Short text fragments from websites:
BEGIN
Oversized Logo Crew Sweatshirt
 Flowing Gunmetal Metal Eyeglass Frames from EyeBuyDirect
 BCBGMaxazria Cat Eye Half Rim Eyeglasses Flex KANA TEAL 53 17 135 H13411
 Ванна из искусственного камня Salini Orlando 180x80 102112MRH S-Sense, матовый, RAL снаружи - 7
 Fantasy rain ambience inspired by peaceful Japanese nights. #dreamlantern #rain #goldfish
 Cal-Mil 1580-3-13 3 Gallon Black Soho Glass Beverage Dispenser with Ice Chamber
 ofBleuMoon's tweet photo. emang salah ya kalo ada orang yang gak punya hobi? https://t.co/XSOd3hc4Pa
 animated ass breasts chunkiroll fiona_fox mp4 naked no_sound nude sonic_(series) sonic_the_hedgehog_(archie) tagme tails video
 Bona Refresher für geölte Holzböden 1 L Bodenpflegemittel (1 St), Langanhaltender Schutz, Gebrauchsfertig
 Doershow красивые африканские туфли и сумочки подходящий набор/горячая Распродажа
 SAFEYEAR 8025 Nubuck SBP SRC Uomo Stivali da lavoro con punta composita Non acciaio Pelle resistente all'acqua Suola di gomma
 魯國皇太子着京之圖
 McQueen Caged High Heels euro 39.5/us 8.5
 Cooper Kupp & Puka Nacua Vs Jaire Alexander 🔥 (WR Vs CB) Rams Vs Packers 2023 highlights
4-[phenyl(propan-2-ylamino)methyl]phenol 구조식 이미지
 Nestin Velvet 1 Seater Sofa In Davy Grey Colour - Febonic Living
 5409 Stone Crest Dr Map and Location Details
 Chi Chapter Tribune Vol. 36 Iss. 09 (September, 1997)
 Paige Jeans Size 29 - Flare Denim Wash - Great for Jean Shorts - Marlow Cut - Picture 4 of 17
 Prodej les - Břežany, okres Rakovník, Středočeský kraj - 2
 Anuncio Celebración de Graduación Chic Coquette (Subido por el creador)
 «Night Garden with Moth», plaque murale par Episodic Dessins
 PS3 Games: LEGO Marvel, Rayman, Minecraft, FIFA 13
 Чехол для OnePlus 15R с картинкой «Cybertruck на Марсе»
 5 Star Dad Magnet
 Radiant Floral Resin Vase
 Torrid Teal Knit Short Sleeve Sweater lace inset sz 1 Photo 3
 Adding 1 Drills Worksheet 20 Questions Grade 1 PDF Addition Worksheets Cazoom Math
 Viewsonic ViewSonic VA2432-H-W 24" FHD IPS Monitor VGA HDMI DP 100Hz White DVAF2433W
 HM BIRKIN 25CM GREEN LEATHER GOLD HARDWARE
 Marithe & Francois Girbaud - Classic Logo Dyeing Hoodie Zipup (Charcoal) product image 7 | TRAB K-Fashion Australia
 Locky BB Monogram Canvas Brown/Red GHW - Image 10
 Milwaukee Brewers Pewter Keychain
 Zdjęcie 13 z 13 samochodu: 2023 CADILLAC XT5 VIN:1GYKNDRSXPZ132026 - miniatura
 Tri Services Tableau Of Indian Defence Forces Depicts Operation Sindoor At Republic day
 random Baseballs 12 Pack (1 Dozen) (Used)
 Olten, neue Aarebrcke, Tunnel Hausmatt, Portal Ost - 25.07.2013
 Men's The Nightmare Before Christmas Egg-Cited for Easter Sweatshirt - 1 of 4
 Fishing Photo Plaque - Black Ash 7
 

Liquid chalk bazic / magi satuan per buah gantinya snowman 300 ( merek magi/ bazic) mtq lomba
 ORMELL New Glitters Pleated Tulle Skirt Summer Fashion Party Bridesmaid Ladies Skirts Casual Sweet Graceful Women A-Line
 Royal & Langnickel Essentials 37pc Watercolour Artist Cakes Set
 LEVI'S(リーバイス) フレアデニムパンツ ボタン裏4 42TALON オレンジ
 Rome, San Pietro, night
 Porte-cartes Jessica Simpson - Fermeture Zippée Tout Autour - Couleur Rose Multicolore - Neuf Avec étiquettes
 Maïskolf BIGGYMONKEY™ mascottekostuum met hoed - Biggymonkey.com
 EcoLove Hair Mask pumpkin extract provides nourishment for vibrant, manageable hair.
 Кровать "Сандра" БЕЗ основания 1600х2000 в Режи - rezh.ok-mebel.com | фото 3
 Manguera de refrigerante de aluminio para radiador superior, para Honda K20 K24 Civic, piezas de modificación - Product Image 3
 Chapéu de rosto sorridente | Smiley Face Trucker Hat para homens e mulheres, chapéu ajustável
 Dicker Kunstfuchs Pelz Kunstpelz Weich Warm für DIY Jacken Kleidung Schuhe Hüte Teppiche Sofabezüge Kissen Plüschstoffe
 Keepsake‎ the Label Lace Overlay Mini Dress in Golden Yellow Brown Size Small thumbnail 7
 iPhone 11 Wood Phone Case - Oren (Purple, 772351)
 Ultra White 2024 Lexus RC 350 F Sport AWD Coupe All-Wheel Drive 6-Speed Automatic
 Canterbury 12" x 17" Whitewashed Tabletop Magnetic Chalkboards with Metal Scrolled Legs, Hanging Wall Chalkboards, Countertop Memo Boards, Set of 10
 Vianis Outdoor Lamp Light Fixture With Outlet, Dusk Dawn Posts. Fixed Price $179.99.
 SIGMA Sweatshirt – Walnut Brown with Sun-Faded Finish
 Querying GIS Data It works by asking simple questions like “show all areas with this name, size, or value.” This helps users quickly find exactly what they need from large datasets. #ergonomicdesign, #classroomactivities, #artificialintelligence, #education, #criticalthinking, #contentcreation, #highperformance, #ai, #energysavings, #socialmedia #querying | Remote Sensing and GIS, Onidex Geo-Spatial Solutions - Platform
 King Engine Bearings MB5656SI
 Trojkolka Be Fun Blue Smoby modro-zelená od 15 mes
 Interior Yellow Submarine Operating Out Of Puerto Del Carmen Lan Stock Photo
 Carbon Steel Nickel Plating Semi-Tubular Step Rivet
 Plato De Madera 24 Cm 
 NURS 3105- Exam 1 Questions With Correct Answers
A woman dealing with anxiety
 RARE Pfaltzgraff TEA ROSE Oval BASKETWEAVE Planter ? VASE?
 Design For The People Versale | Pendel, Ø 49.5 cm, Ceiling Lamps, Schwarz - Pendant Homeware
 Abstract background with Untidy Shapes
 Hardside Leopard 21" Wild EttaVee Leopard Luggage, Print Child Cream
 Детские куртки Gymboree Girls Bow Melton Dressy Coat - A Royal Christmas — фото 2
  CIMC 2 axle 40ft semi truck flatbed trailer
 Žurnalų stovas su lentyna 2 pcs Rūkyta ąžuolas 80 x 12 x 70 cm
END
- **What the exercise asks**
The result consists of the line with "CIMC 2 axle 40ft semi truck flatbed trailer" through the last line of the entries above, repeated exactly and with nothing else.

- **Answer section**
  CIMC 2 axle 40ft semi truck flatbed trailer
 Žurnalų stovas su lentyna 2 pcs Rūkyta ąžuolas 80 x 12 x 70 cm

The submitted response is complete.